There are plenty of things wrong with Assassin’s Creed Odyssey, but I do find it ever so hard to care. I’ve spent the weekend falling in love, jumping off hundred-foot statues and galloping around the island of Mykonos dressed as Wonder Woman. I could’ve spent that time thinking about all the cluttered menus and superfluous UI elements, and wondering why, for some reason, so many people love this game when it so proudly displays just so many obvious flaws.
And in doing so I’d have probably had a pretty good point – but it’s not the point, is it? The point is Assassin’s Creed Odyssey is fun. Unbelievably fun. Picking at it for all the ways in which it lacks the poignancy of a Breath of the Wild, or the earthiness of The Witcher and all that austere frowning of Red Dead Redemption 2 would be mistaking those things for things this game cares about. Odyssey’s not just fun, it’s a game about fun itself, and it cares about nothing else.
It feels wrong to think too hard about having fun. Obviously it’s not something you think about so much as just do, in the moment, independent of thought entirely, and so thinking about it directly feels a bit like trying to think about your thoughts. You end up spinning on the spot trying to catch the back of your head. But then at the same time, here’s Odyssey and its hundred-and-something-hour ode to fun itself, a game that seemingly manages to have plenty to say all about it.
I think the secret lies somewhere in all the things that run adjacent. Fun sits, loosely, in the space between joy and surprise, and the two of them seem to be absolutely flooding out of Odyssey’s world.
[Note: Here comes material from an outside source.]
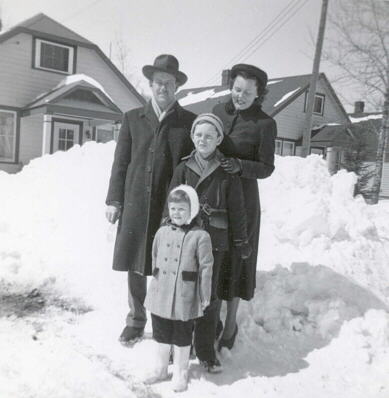 Dobie family standing in front of their house, Kearns Ont., 1949.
It’s one of the few games I take real care not to spoil, as a result of that – not because the story has any particularly wild turns but because there are just so many surprises, so many gifts waiting for you in hiding. Things that are always best the moment before they’re opened, in the sweaty-palmed minute spent glancing their way, tearing wrapping paper, peeling a game out from its cellophane wrap. Tearing off on horseback towards a big white question mark. All those lovely little neurons popping off in your head.
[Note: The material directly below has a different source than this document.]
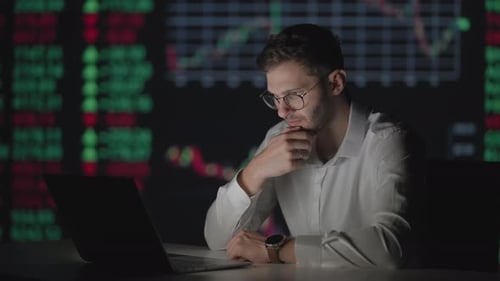 Young Man Working Late with Stock Data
Odyssey is full of this. Once you find your first surprise you realise, surely, that’s not the only one and so you’re scouring the world not just for collectables and cash and purple shin guards or whatever, but for your next treat. And all the while that anticipation – the creases and tricks that form the obstacles of the world – comes wrapped in joy. It’s in the writing and the performances, obviously, and all the loving, twinkling little refrains you’re blessed with for climbing another tower on certain islands. And it’s baked right into the earth, a world so bright and vivid its own people can’t help but be happy, or silly, or carefree, even when they’re not. As much a sonnet to the Greek people as it is their culture and history. A playground, but one built purely on foundations of happiness and flourishing.
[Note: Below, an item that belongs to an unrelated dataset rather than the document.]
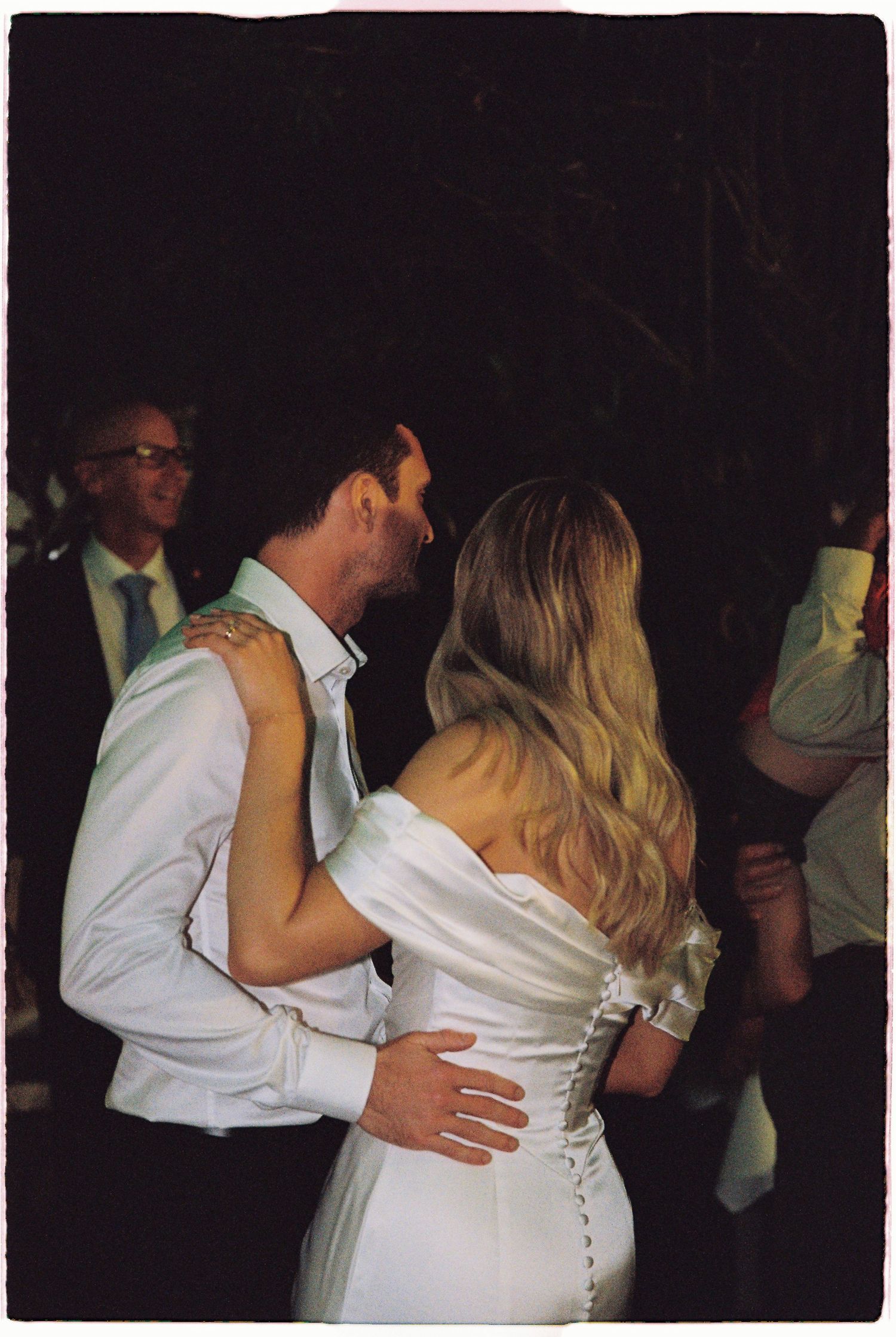 A bride in a white off-shoulder gown shares a first dance kiss with her groom in a white shirt at their wedding.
When Odyssey grabs you, when you’re finally embraced by it and folded into all of its great overlapping systems, the result is a kind of weird tranquillity. You’ll find yourself absorbed by beaches, starlight, romance. Or oddly hypnotised by its violence, the same cycles of animation lullingly playing on repeat. And all the usual wrinkles and worries just, ever so slowly, without you even really noticing, melt away. The epic fading into the mundane. Even at the height of Assassin’s Creed’s stupidly galactic drama you can’t help but feel it really, really doesn’t matter. Not if you don’t want it to. This is a game that’s so light and airy, so clear-skied, that it’s transcended its own consequences.
Maybe that’s the key: realising that it doesn’t matter that some things don’t matter. You can’t think your way into having fun, after all. It’s incompatible with struggle. Incompatible with worry, and po-facedness, and self-regard. Fun is freedom, absurdity, comfort. It’s just letting you play, letting your mind wander, sprinkling in the odd bit of magic and burying the odd treat. It’s about ferrying you blissfully away into another world, which is all a good Odyssey really does.